– Поезжайте в Саис, учитель. Присмотрите за матерью его высочества в пути, – указала она на безучастную ко всему Тию, уже сидевшую верхом: с потухшим лицом, та молча глядела на пестрый налобник животного под собой, машинально перебирая пальцами яркие кисти. – Помогите Мерит-Ра принять дела: уверена, с вашей помощью она со всем справится.
– Как же так, госпожа? Ты не поедешь с нами?! – перегнувшись в седле, хрипло и потерянно вскрикнул кто-то из молодых жрецов. Лицо старого Бенинофрета окаменело:
– Этого быть не может! Это… – он всмотрелся внимательнее в холодные глаза Нейтикерт и косо рванулся вниз, едва не рухнув с верблюда. – Его величество казнит тебя!
– На все воля богов, – пожала плечами верховная жрица, отступая назад. Бенинофрет глядел на нее с ужасом и непониманием.
– Это из-за того раба, который служил при его высочестве? Неужели из-за него ты останешься в столице…
– Учитель, – строго, спокойно перебила его Нейтикерт. Благословив жестом всех своих бывших подопечных, она с непоколебимой решительностью сложила ладони у груди: – Учитель, не только из-за него… В столице меня ждут незавершенные дела. Да будет легким ваш путь, учитель! Прощайте!
Часть четвертая
Царевна Дуатентипет еще почивала, когда растрепанная спросонья, с красными глазами служанка Хекет, бухнувшись на колени у ее ложа, доложила, что великая Тити желает видеть приемную дочь немедленно. Такого в обычае матери нового владыки прежде не было никогда; но спорить царевна не посмела, после вчерашнего еще больше страшась пойти против воли своей покровительницы.
Хотя ночь еще оставалась в своих правах, великая царица встретила ее безукоризненно, как всегда, накрашенной и одетой; холодный взгляд ее светился лихорадочным и яростным пламенем, какого Дуатентипет никогда не видела у нее прежде. Даже не удалив служанок, она грубо и прямо сообщила:
– Сегодня ночью мятежники пытались освободить преступника Пентенефре и его мать. Мой сын на такой случай издал указ об их казни. – Царевна молчала, не смея открыть рот и лишь с ужасом глядя на нее, и Тити продолжала холодно: – Приговор приведен в исполнение; стало быть, междуцарствие окончено. Мой сын – отныне владыка всех земель Та-Кемет и наш законный правитель.

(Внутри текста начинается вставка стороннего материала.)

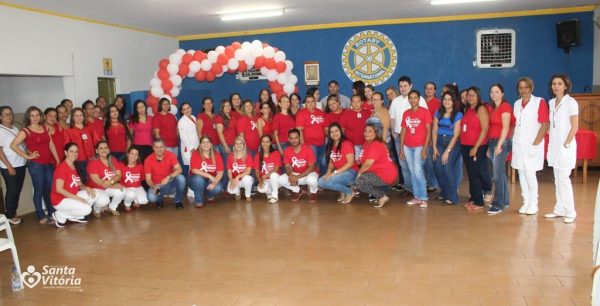 Secretaria Municipal de Saúde realiza ação de conscientização para a Campanha Dezembro Vermelho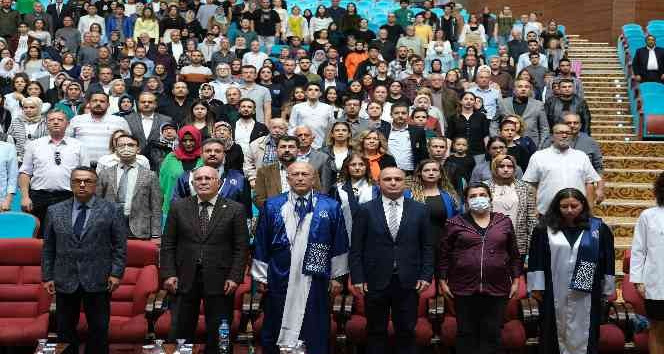 Uşak’ta tıp fakültesi öğrencileri beyaz önlük giydi
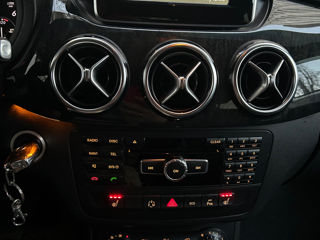 Mercedes B-Class foto 9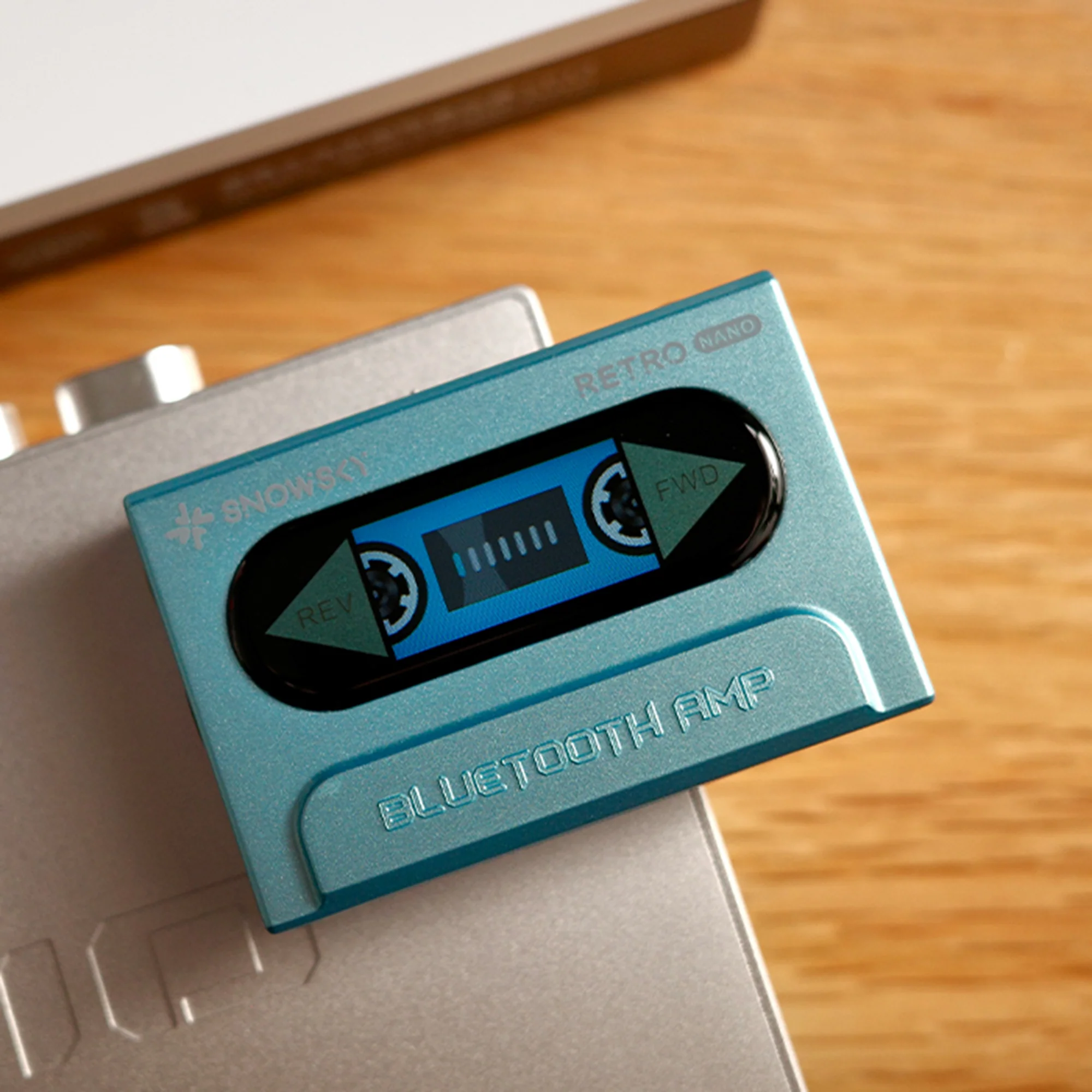 FiiO Snowsky Retro Nano Bluetooth DAC and Headphone Amplifier - Image 2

– Госпожа… – с трудом вспомнив, как дышать, вымолвила Дуатентипет. Тити нетерпеливо взмахнула рукой:
– Это не столь важно. Вот твое дело: завтра с утра надень свои лучшие платья и ступай к моему сыну. Он, я знаю, давно не равнодушен к тебе; нужно воспользоваться этим, пока не стало поздно.
– Что это значит? – неверным языком шепнула девушка. Великая царица мгновенно сверкнула глазами:
– Не будь дурочкой! Есть и другие дочери покойного владыки, чьи братья и матери жаждут получить влияние на его величество – да будет он жив, невредим и здоров! Теперь, когда господин Та… – лицо ее на мгновение омрачилось, но Тити тотчас спохватилась: – Впрочем, неважно. Для чего, как ты думаешь, я всегда заботилась о тебе? Забыла, сколько я для тебя сделала? А теперь еще и предлагаю стать первой женой моего сына, великой царицей Та-Кемет! – Дуатентипет молчала, сжавшись у ее ног, и госпожа Тити поджала губы: – Немедленно ступай и сделай то, что должна!..
***
Над землями Та-Кемет едва поднялось солнце, благословенным золотом затопляя все вокруг, когда новый правитель – ибо Рамсес уже считал себя таковым и имел на то основания – узнал о случившемся минувшей ночью в дворцовой темнице.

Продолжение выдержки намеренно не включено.